**YOUR GOAL**: Of all the lines below, return only those starting with the line holding "STRATEGIC AMBITIONS Strengthening" and going on through the line holding "viajar a Mannar", exactly as written.

(Source records)
*** Begin section ***
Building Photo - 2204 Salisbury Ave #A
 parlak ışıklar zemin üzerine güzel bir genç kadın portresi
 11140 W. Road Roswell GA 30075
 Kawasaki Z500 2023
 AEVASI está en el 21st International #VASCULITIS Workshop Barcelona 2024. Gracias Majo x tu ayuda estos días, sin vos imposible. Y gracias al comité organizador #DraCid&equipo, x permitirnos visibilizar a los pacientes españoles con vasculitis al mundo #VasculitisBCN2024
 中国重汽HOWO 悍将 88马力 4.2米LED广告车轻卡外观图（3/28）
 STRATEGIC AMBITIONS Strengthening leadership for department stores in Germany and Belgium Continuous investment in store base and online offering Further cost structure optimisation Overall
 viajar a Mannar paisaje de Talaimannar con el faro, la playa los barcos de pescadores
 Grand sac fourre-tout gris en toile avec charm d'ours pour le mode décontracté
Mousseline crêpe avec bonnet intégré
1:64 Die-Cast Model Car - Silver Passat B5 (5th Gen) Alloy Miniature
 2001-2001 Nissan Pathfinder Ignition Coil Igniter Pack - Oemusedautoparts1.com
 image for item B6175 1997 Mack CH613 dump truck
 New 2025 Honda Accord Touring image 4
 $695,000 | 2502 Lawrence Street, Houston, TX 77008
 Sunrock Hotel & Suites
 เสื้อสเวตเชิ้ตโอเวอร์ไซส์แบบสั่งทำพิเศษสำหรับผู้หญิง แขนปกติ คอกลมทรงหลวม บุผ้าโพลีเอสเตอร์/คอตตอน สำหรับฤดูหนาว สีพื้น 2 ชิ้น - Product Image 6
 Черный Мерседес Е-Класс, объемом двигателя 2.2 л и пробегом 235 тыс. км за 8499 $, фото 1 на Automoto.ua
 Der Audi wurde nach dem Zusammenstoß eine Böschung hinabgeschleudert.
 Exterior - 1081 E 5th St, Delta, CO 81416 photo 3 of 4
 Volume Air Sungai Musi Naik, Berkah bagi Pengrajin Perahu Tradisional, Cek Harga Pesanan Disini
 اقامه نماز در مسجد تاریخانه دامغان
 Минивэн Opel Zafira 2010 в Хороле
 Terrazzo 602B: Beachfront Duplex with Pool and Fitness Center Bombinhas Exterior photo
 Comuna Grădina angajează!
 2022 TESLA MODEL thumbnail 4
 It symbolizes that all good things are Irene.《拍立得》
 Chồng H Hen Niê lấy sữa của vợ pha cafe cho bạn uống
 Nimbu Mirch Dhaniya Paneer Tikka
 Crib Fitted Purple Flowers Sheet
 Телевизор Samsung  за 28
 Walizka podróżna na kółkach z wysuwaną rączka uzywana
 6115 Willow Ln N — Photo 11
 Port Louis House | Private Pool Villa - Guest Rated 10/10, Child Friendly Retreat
*** End section ***
**YOUR RESPONSE**:
 STRATEGIC AMBITIONS Strengthening leadership for department stores in Germany and Belgium Continuous investment in store base and online offering Further cost structure optimisation Overall
 viajar a Mannar paisaje de Talaimannar con el faro, la playa los barcos de pescadores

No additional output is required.